Neurostimulation delivers low levels of electrical energy directly to nerve fibers through an implantable device. One such device, the Eon Mini, is said to be the world's smallest, longest lasting, rechargeable neurostimulator.
Beth McDonald, a 41-year-old from Orlando, FL spent almost two decades in a wheelchair totally debilitated by constant searing pain caused by a fall that tore her sympathetic nerve trunk out of her left ankle. After 143 doctors, 30 major surgeries, and an addiction to prescription medicine, she decided to try another last resort therapy and received the Eon Mini device, which is sometimes referred to as a "pacemaker for pain."

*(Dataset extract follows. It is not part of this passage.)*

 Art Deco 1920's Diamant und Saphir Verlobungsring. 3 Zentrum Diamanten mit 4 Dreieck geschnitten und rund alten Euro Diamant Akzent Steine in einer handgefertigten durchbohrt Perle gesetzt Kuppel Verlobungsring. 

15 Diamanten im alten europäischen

About the size of a U.S. silver dollar, the Eon Mini neurostimulator is similar in function and appearance to a cardiac pacemaker. It delivers mild electrical pulses to the spinal cord, which interrupt or mask the pain signals' transmission to the brain.

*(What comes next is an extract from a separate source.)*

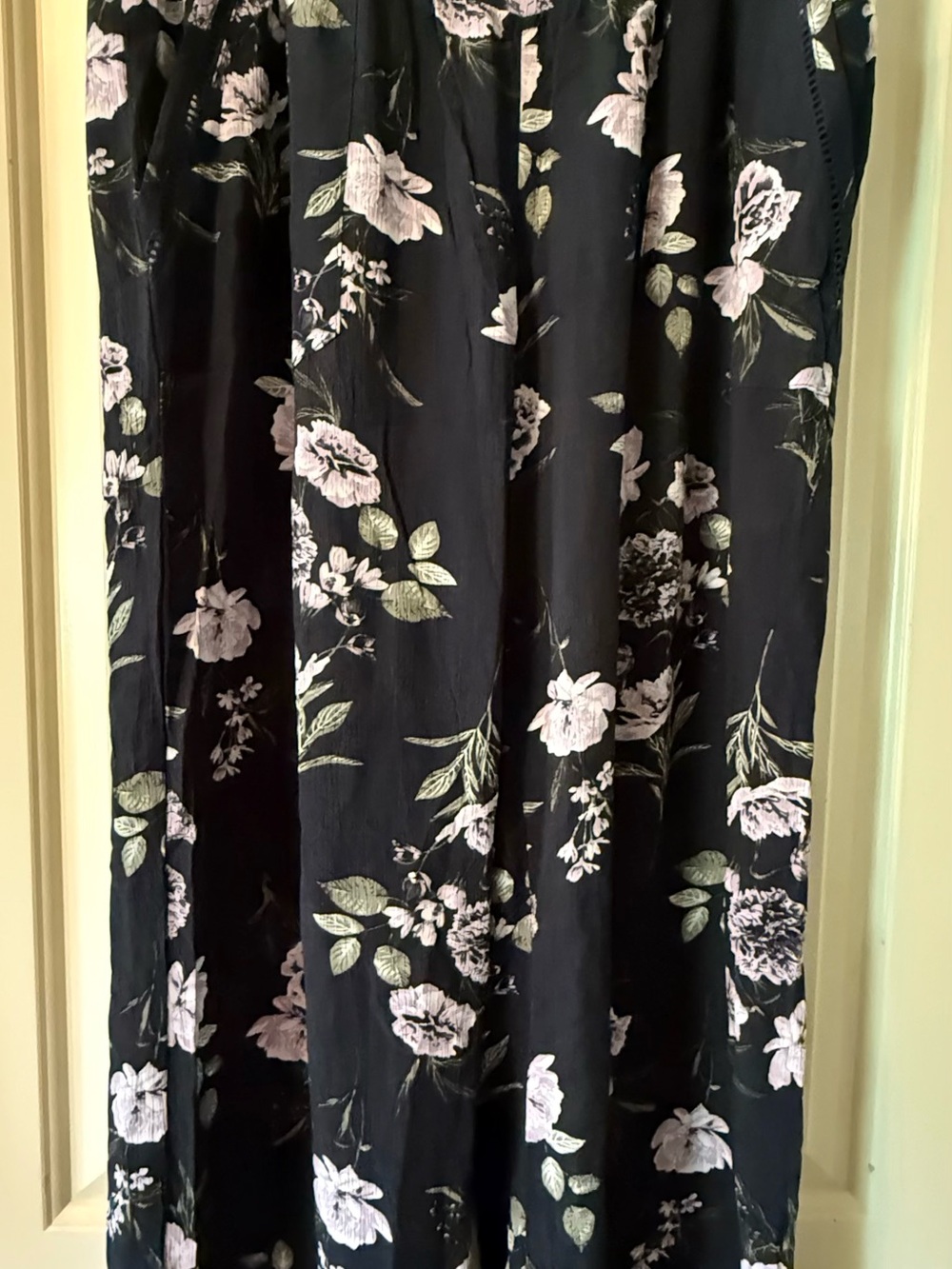 Three Dots Black Wide-Leg Floral Pants with White & Green Print - Picture 2 of 10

The former national champion gymnast says she's regained her life after nearly two decades in a wheelchair. "I'll tell you what it did for me," Ms. McDonald says. "I was on fire from my waist down. The fire is out, and I can walk again."
Stanley Golovac, MD, an interventional pain physician based in South Florida who works with The Pain Truth says, "The type of neurostimulation that might be appropriate for a patient depends on many factors, including the cause of pain, its type, and location." Below he shares some important facts about neurostimulation:
What it is Neurostimulation is an "advanced" therapy that is used to relieve certain types of chronic pain. "Advanced" means that before deciding on neurostimulation, people have usually tried simpler options to relieve their pain. Neurostimulation therapy does require a minor procedure. This procedure is most commonly performed in two separate stages a temporary trial and a permanent procedure.
What it isn't Neurostimulation is not a cure for what's causing the pain. It's a therapy designed to mask pain by blocking pain signals before they reach the brain. Pain is then replaced with a more pleasant sensation called paresthesia.